Flag	Type	Default	Description
`<shard-dir>...`	path	—	Required. One or more shard output directories of a single run.
`-o, --output-dir`	path	—	Required. Destination directory for the merged artifacts.

Merged output layout

<merged-dir>/
├── report.md                  # authoritative experiment report
├── plan-snapshot.json
├── experiment-manifest.json   # promoted run identity (for a future `experiment compare`)
├── <variant-a>/
│   ├── results.jsonl          # all shards' trials, concatenated
│   └── run-summary.jsonl
└── <variant-b>/
    ├── results.jsonl
    └── run-summary.jsonl

Any other per-shard output (e.g. preserved workspaces or executor session logs) is left in place per-shard and is not consolidated into the merged directory.

Sharded example (CI matrix)

# Each CI job runs one shard, sharing a stable run id:
vally experiment run experiments/skill-comparison.yaml \
  --shard 1/3 --run-id "$RUN_ID" --output-dir ./out
# ... shards 2/3 and 3/3 run on other machines ...

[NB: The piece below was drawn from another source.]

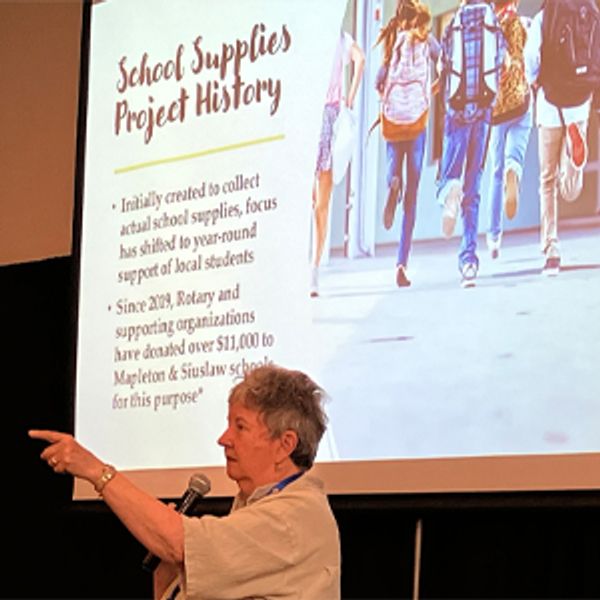 Woman presenting about school supplies project history.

# A final job merges the collected shard directories:
vally experiment merge \
  ./out/$RUN_ID/shard-1-of-3 \
  ./out/$RUN_ID/shard-2-of-3 \
  ./out/$RUN_ID/shard-3-of-3 \
  -o ./out/merged

If a shard is lost, re-run just that shard into the same --run-id and merge again — sharding is deterministic, so the re-run reproduces the same slice.

Workflow

Author an experiment YAML file declaring the eval set, the vary axis, and the named variants — or a matrix of axes that expands into them automatically. See Experiment File Schema.
Run vally experiment run <file> (optionally with --dry-run first to inspect the plan). To parallelize across machines, run each shard with --shard i/n --run-id <id>, then reconcile them with vally experiment merge.
Inspect per-variant results.jsonl directly, ingest the run directory with vally ingest, or browse it via vally serve.